A basic understanding of IP law is important for anyone producing creative works governed by it, including documentation, software, datasets, graphics and more. This is true irrespective of the nature of your project: closed commercial projects building on open tooling; commercial projects maintaining an open resource; open community-driven and/or non-profit projects building shared resources. Each of these may need to make slightly different licensing choices from the beginning of their projects to be compatible with their goals.
Without going into too much detail due to their complexity, in a subchapter, we provide a brief summary of relevant IP laws.
Copyrights, Patents and Trademarks¶
IP is an umbrella term that refers to a number of distinct areas of law. Primarily, these three areas are relevant in research and data science:
What these have in common is the attempt to extend property rights to intangible goods, meaning their use by others can be prevented or licensed. Governments with such laws effectively create a limited grant of monopoly over these goods for their creators and other holders of these rights. This is generally done with the ostensible intent to incentivise the creation and improvement of such goods, but can in practice result in perverse incentives which fail to do so.
This chapter is intended to educate people on the basic concepts of Licensing. Please do not take the descriptions provided or viewpoints shared as legal advice; they are not that. Consult your librarian and a legal expert to provide actual legal advice for your case.
Perhaps the most relevant part of IP law for software, data and other creative works is copyright.

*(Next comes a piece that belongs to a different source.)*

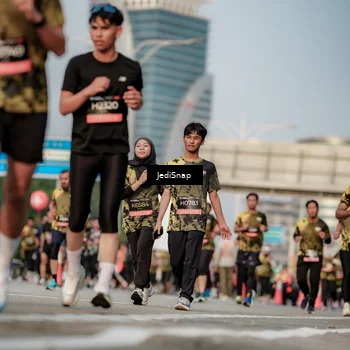 Runner Photo 6761957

We will dispense quickly with patents and trademarks here, so we can move on to the main topic of copyright.
Patents¶
The most important difference between patent and copyright to be immediately aware of is that by default, all rights are retained by the author on works made public under copyright, whereas patents must be registered before their content is publicly disclosed. Thus, if you want to patent something, you must do so prior to sharing it publicly. The precise details of what constitutes a disclosure and the strictness of the application of this rule can vary by jurisdiction.

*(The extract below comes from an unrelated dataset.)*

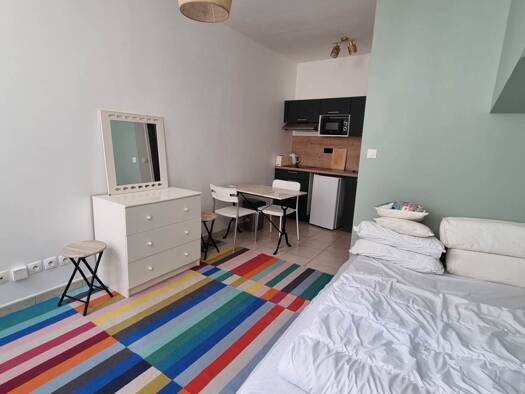 Studio à louer 400 € 1 pièce 17,5 m² RDC Saintes 17100
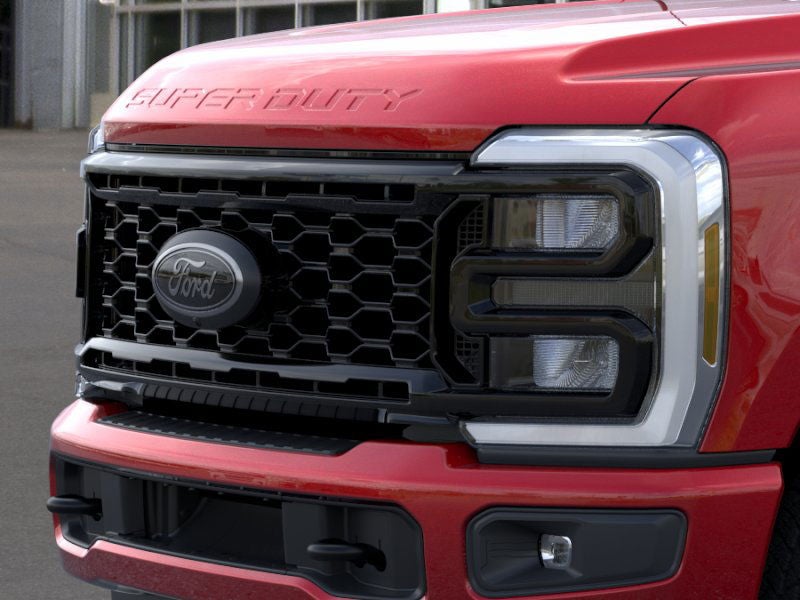2026 Ford Super Duty F-350® XLT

Patents on processes and software rather than specific inventions are a matter of contention in US law and explicitly not recognised in EU law (at the time of writing). Unlike copyright, you generally have to pay to register and maintain a patent. You must also do so in each jurisdiction in which you want this patent to apply, though some have reciprocal agreements for recognising patents from other jurisdictions. To ensure that patents held by the authors of software do not impact on the freedom to use and distribute open software, some licenses specifically include permission to use any applicable patents (for example, section 3 of the Apache 2.0 license), though this cannot protect against patents held by 3rd parties.
Trademarks¶
Trademarks are a brand, symbol, or identifying mark associated with a project, product or service. Trademarks differ from copyrights & patents in that their primary function is consumer protection. They prevent bad actors from impersonating recognisable brands and deceiving consumers into purchasing products that are not being offered by who they think they are. They, like patents, must also be registered, but unlike patents, this can be done after they have been made public.

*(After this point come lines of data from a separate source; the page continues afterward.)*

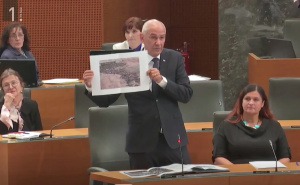 Janez Janša pokazao fotografiju iz Gaze tvrdeći da prikazuje ubijene kršćane u Sudanu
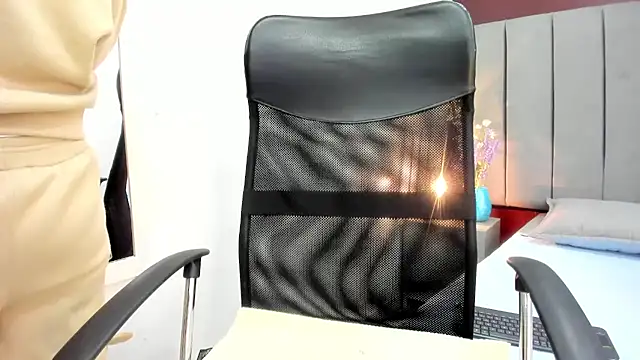 moxa hot online show from 12/02/25, 02:56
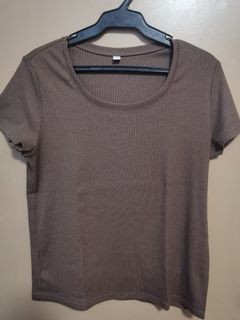 (Category: ) located in . Submitted by thrift28original (Listing ID 1175765365, Image 1). Description: .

Registering a trademark generally comes with an administrative fee, but it is not as costly as maintaining a patent. Trademarks generally only apply within a specific sector, as people are unlikely to confuse brands which do completely different things. They can be relevant in the context of the name and logo of a software project, especially when a project changes hands or is forked, in which case the fork may not be able to use the original name of the project even if that project is no longer maintained. Open source projects not associated with a company which have trademarks may have these held by a legal entity, such as a non-profit, through which they might also take donations and pay for project infrastructure. It can be valuable for open source projects to register for trademarks as their work can easily be cloned, modified and re-distributed with ill intent. Examples of modified open source tools distributed with malware added have been documented, and trademark enforcement could, in some cases, help to prevent or deter this. Nextcloud, for example, has a comprehensive guide to the use of their marks with excellent explanations for the restrictions that they place on their use.
Copyright¶
By default, if you make a work publicly available, you retain the copyright to that work and all rights that this gives you over it. Anyone wishing to re-use that work must seek to license the right to do so from you, or open themselves to the possibility of a lawsuit for infringing on your copyright. Irrespective of how you choose to license your work, however, there are some generally accepted exceptions to the protections of copyright that permit the re-use of works (or parts of works) without the consent of the copyright holder, under certain circumstances. These are known as ‘fair use’ or ‘fair dealing’ exceptions. Under the ‘fair use’ standard originating in the USA, the following criteria are considered on a case-by-case basis to decide if a use constitutes an infringement of copyright:
From 17 U.S.C § 107
the purpose and character of the use, including whether such use is of a commercial nature or is for nonprofit educational purposes;
the nature of the copyrighted work;
the amount and substantiality of the portion used in relation to the copyrighted work as a whole; and
the effect of the use upon the potential market for or value of the copyrighted work.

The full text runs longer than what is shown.